こうしたウェアラブルデバイスの活用をトップチームだけでなく、ユースの選手たちにも活用。チーム全体の強化に役立てていこうとしているのが、現在Jリーグで首位を走るFC東京だ。
ITシステムの活用は便利だがそれなりのコストも必要なだけに、育成年代での活用はなかなか難しいのが現状だ。そこで、FC東京U-18のトレーナー・山本良一さんに、ITデバイスの実際の使用状況をうかがった。
――FC東京で使用しているのは、どんなウェアラブルデバイスですか?
山本良一トレーナー(以下山本) トップとユースでは別のシステムを使用していて、ユースとジュニアユースで使用しているのが、「knows」というシステムです。
――「knows」で計測できることを教えてください。
山本 走行距離やスプリント回数、心拍数などを計測することができるのは、トップチームのシステムとそれほど変わらないと思います。特徴的ところでは「根性」といったガンバリ指数みたいな数値も出てきます。ただトレーナーとして重視しているのは、やはりスプリント回数や走行距離、そして心肺機能の数値です。
この「knows」というシステムは、育成年代にこそ自身の身体能力等を測定し、理解することが必要という元日本代表・本田圭佑氏の発案により開発され、本田氏自身の関連会社から販売されているシステムだ。
普及を目的として高いコストパフォーマンスを実現したという。FC東京U-18では、このデバイスをおもに試合時に選手に装着させ、視覚化されたさまざまなデータを選手と共有している。ちなみに、こうしたウェアラブルデバイスの試合中の着用については、2016年よりFIFA(国際サッカー連盟)が正式に認めていることも付け加えておきたい。
小さなウェアラブルデバイスから発信されたデータは、リアルタイムでアプリをインストールしたiPadに表示される。山本トレーナーは、ゲーム中にもiPadを通して選手の心肺機能や回復状況などをモニタリング。各選手のデータ把握に努めている。なお、iPadとのデバイス間の通信はWi-Fiがあれば可能なため、現状ではWi-Fi環境があるホームゲームで使用しているとのことだが、今後はモバイルWi-Fiルーターを使用し、アウェーゲームや合宿等での使用も予定している。

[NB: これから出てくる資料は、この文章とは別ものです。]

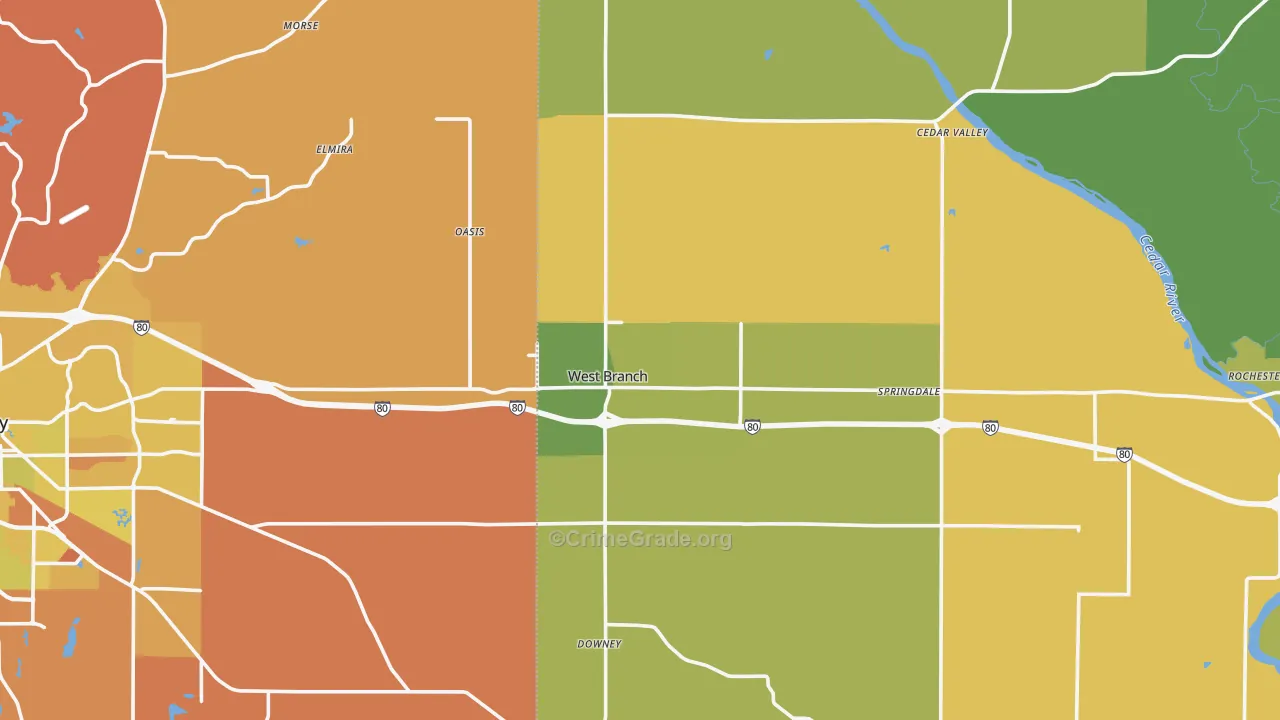 West Branch, IA Map of Vehicle Theft Rates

――こうしたシステムを若い選手たちが使用するメリットはどこにありますか?
山本 やはり、自分自身のコンディションを数値で明確にわかるのがいいですね。自分のプレーが実際はどうだったのか、あるいは調子が悪かったと感じたが実際はどのぐらい走ることができたのか、かなり疲れたけど心肺機能的にはどうだったのかなど、数字で明確にわかります。そして私からも、数字を見ながら「もっとできたはず」とか、「調子が悪くてこの数字なら、調子が良いときはもっと行ける」などとフィードバックをすることができます。

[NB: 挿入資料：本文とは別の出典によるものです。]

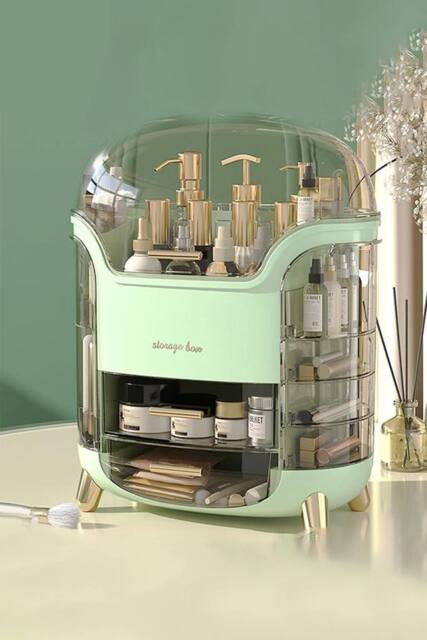 Large Capacity Cosmetic Storage Box With 2 Layers in Green - image 1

――実際にU-18 で使ってみて、トッププロの数値とは違うものですか?
山本 そこはやはり違いが出ます。たとえばスプリント回数。彼らはプロ予備軍ですから、「スプリント」の基準設定はJリーグと同じ時速24㎞以上にしていますが、高校生レベルではそう何度も出せる数字ではないですね。一方、走行距離ではプロ並みの10㎞以上走る選手が出る場合はあります。ただし、ゲームを支配され、走らされているほうが距離が出る場合が多いので、必ずしもそれが良いこととは限りませんが。
なるほど、プロの数値との違いがわかるというだけでも、選手にとっては自分に何が足りないのかが判断でき、また何を目標にすべきかということも明確になる。ただし、FC東京であっても実はまだ「knows」を導入したばかりで、使い方も「まだ初歩的な段階で手探りの状態」(山本トレーナー)なのだそう。
しかし、データをとればとるだけ、システムへの理解度も、そして個々の選手の把握度も深まっていくはずだ。高校年代のU-18だけでなく、中学年代のU-15でも「knows」が活用されているFC東京。育成年代の強化は、日本サッカーの未来へとつながる投資でもある。今後FC東京からどんな選手が育っていくのか、興味深く見守っていきたい。
ところで、冒頭で述べたJ1リーグの各スタジアムに設置されているトラッキングシステムで採取されたデータは、その一部がJリーグ公式サイトで公開されている。面白いのが、チームの平均走行距離のランキング(7月7日現在)で、首位のFC東京は下から4番目の15位。3位川崎フロンターレに至っては下から2番目の17位であり、いずれも平均以下の数値だ。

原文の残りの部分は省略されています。